Six wind-vanes could not
have more truly shown the direction of the wind, than did these
branched tendrils the course of the stream of light which entered the
box. I left these tendrils undisturbed for above 24 hrs., and then
turned the pot half round; but they had now lost their power of
movement, and could not any longer avoid the light.
When a tendril has not succeeded in clasping a support, either
through its own revolving movement or that of the shoot, or by
turning towards any object which intercepts the light, it bends
vertically downwards and then towards its own stem, which it seizes
together with the supporting stick, if there be one. A little aid is
thus given in keeping the stem secure.
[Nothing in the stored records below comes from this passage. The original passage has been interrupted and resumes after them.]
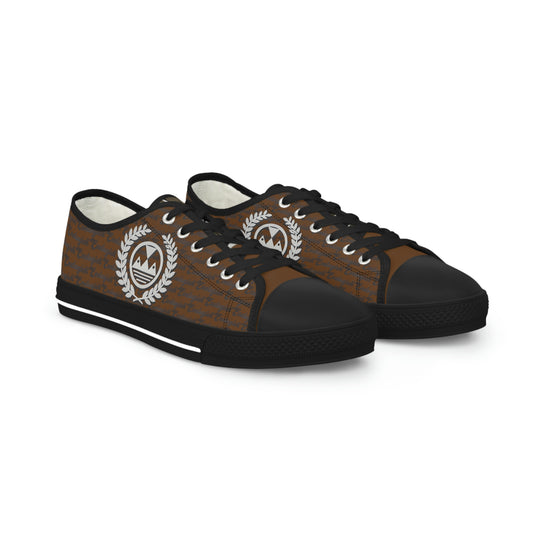 Ecelugich Brown Men's Low Top Sneakers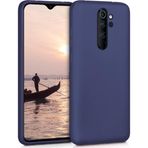 Microsonic Matte Silicone Xiaomi Redmi Note 8 Pro Lacivert Cep Telefonu Kılıfı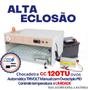 Imagem de Chocadeira Elétrica ALTA ECLOSÃO Automática 120 ovos Trivolt Manual Controlador de Temperatura e Umidade PID com 4 ventiladores e ovoscópio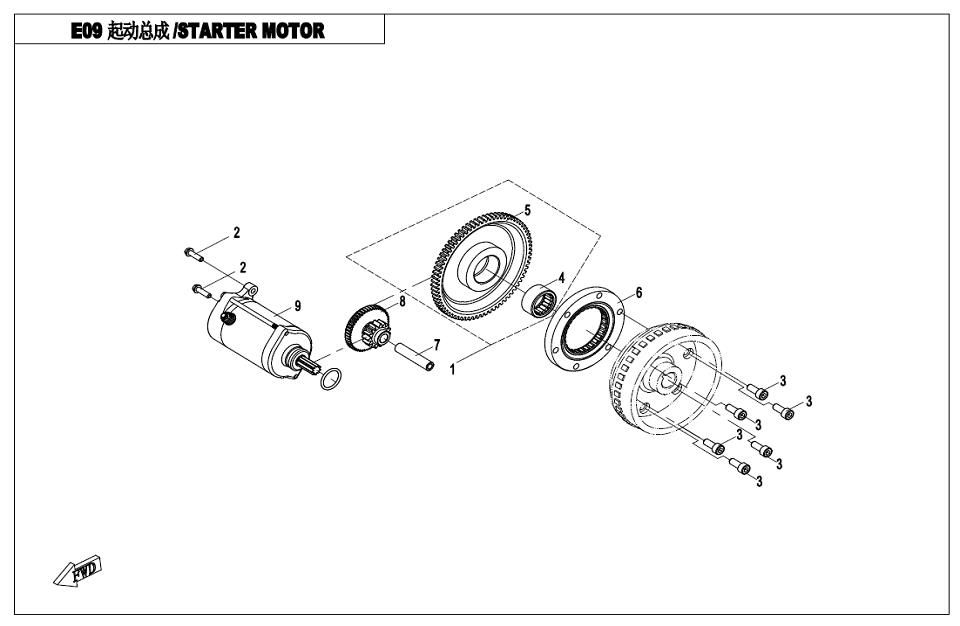 Picture of E09 - STATER MOTOR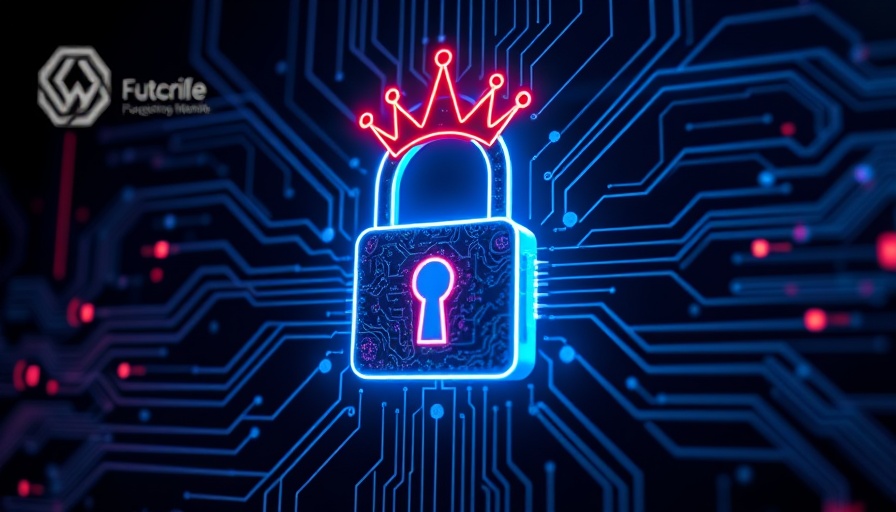 Futuristic digital lock symbolizing privacy and decentralization, related to AAVE price prediction 2025.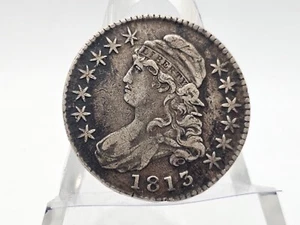 1813 Capped Bust Half Dollar ** BESSERE QUALITÄT UNGLAUBLICHER AUGENREIZ ** - Bild 1 von 4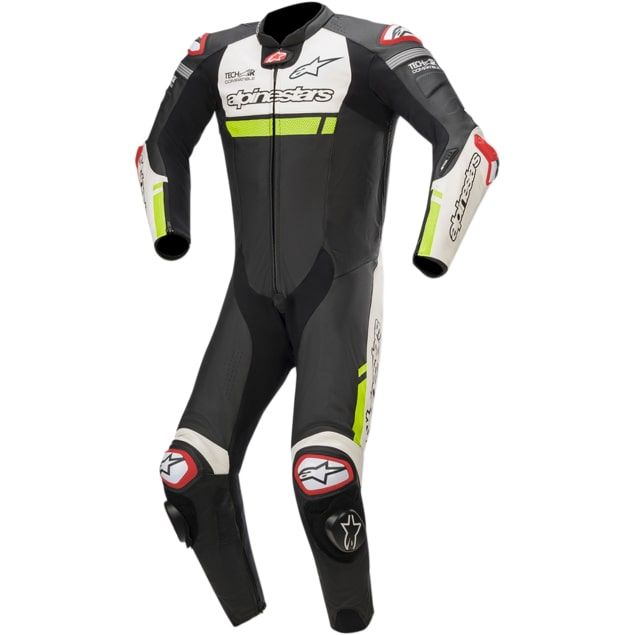 Alpinestars MISSILE IGNITION LEATHER SUIT TECH-AIR® COMPATIBLE (Black White Fluro Yellow)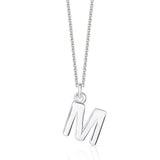 Sterling Silver Chunky Initial Necklace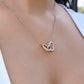 Personalized Mother In Law Necklace, Birthday Gift for Mom In Law, Custom Mother In Law Wedding Gift - Interlocking Heart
If the tendril seizes
nothing, it does not contract spirally, but soon withers away and
drops off. If it seizes an object, all the branches contract
spirally.
I have stated that after a tendril has come into contact with a
stick, it bends round it in about half an hour; but I repeatedly
observed, as in the case of B. speciosa and its allies, that it often
again loosed the stick; sometimes seizing and loosing the same stick
three or four times. Knowing that the tendrils avoided the light, I
gave them a glass tube blackened within, and a well-blackened zinc
plate: the branches curled round the tube and abruptly bent
themselves round the edges of the zinc plate; but they soon recoiled
from these objects with what I can only call disgust, and
straightened themselves.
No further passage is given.